Which lines below fall between the one containing "Cama coberta com" and the one containing "Veile Studios Paper"? Repeat them exactly, counting both of those lines, and add nothing else.

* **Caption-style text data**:
+++

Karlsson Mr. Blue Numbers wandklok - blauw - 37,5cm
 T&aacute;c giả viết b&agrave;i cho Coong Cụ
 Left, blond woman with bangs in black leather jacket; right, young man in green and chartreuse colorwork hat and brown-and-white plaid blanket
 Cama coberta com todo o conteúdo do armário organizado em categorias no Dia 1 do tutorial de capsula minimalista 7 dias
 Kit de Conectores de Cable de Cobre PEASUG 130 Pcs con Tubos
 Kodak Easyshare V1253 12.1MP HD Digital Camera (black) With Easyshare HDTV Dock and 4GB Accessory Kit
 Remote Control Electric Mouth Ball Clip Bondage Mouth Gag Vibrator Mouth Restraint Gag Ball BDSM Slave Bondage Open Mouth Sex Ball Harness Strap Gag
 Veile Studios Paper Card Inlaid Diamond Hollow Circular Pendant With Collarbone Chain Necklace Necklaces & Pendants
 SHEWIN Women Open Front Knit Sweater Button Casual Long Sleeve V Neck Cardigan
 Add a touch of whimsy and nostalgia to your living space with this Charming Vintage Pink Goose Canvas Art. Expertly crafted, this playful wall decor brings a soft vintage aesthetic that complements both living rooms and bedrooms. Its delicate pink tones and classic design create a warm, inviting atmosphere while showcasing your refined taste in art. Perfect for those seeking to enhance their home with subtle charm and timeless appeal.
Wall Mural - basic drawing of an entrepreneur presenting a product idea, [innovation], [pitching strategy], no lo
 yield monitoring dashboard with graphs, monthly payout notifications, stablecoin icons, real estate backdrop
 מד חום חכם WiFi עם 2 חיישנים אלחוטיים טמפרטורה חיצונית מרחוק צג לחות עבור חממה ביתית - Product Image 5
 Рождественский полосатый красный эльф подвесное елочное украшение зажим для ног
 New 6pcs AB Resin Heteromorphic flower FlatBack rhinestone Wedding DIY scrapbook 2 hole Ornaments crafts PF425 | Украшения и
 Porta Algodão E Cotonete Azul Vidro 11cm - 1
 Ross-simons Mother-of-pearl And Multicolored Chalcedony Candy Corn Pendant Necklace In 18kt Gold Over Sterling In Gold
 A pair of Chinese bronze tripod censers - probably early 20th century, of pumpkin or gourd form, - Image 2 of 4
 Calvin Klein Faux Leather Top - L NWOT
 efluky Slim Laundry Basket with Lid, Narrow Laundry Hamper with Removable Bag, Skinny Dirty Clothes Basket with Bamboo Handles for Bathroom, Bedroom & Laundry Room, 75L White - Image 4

+++

* **RESPONSE FOR THIS EXERCISE**:
 Cama coberta com todo o conteúdo do armário organizado em categorias no Dia 1 do tutorial de capsula minimalista 7 dias
 Kit de Conectores de Cable de Cobre PEASUG 130 Pcs con Tubos
 Kodak Easyshare V1253 12.1MP HD Digital Camera (black) With Easyshare HDTV Dock and 4GB Accessory Kit
 Remote Control Electric Mouth Ball Clip Bondage Mouth Gag Vibrator Mouth Restraint Gag Ball BDSM Slave Bondage Open Mouth Sex Ball Harness Strap Gag
 Veile Studios Paper Card Inlaid Diamond Hollow Circular Pendant With Collarbone Chain Necklace Necklaces & Pendants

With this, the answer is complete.